» Records provided:
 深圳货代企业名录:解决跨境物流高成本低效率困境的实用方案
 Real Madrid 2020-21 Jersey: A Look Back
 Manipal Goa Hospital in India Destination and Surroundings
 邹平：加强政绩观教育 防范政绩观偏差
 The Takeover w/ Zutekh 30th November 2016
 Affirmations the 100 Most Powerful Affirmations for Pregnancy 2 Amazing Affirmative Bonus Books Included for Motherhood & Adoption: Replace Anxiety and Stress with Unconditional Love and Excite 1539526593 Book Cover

* * *

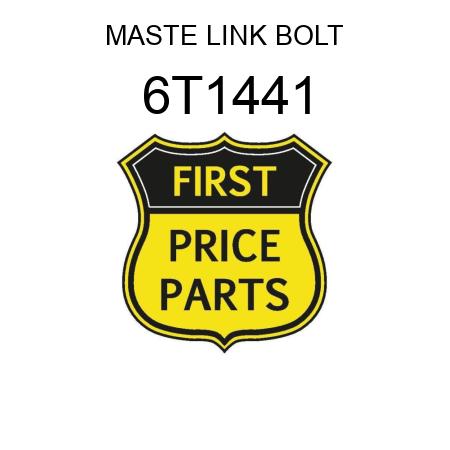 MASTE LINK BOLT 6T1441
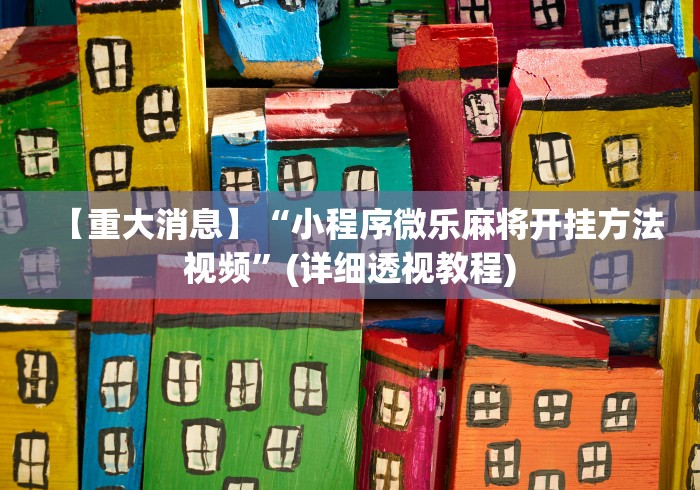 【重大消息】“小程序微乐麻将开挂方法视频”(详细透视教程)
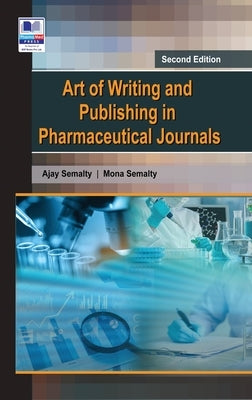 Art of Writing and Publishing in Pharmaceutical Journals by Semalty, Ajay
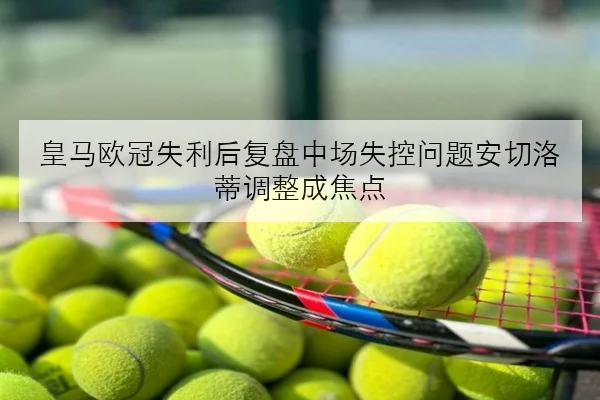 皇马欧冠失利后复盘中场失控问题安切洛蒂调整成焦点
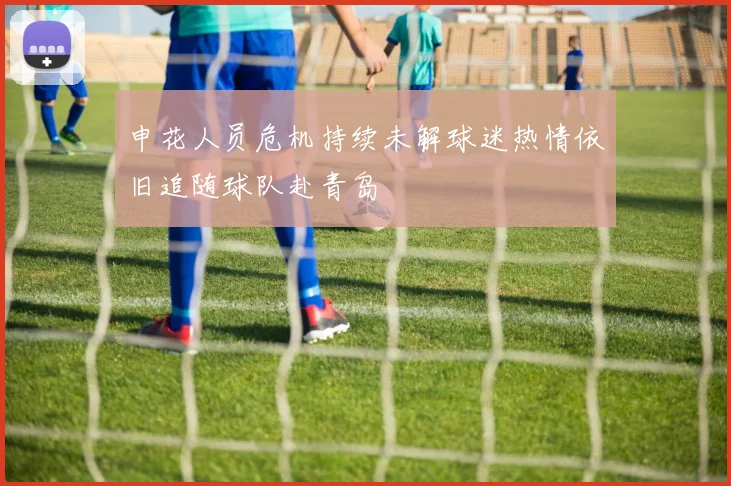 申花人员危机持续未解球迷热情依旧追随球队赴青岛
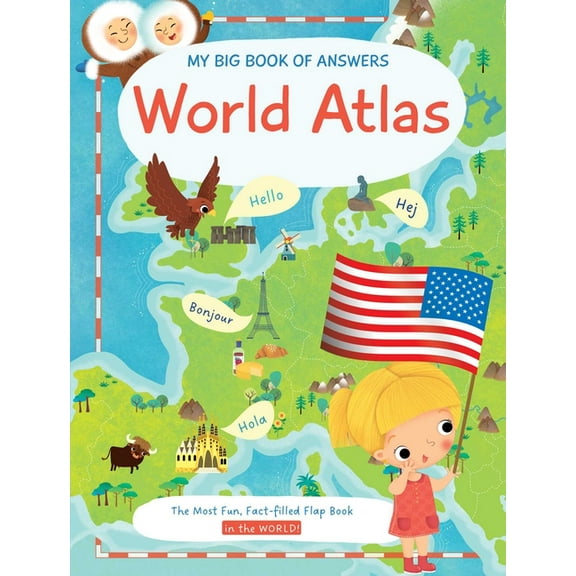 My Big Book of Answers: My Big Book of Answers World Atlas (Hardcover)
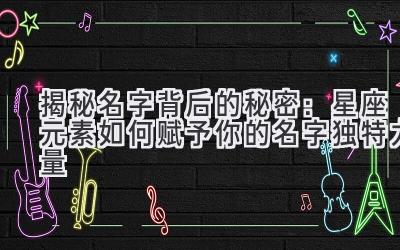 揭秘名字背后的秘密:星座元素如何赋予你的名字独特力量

» Action item:
The lines to extract from the data above begin with the line containing "深圳货代企业名录:解决跨境物流高成本低效率困境的实用方案" and end with the line containing "Affirmations the 100". Extract them exactly, including both.

» Written solution:
 深圳货代企业名录:解决跨境物流高成本低效率困境的实用方案
 Real Madrid 2020-21 Jersey: A Look Back
 Manipal Goa Hospital in India Destination and Surroundings
 邹平：加强政绩观教育 防范政绩观偏差
 The Takeover w/ Zutekh 30th November 2016
 Affirmations the 100 Most Powerful Affirmations for Pregnancy 2 Amazing Affirmative Bonus Books Included for Motherhood & Adoption: Replace Anxiety and Stress with Unconditional Love and Excite 1539526593 Book Cover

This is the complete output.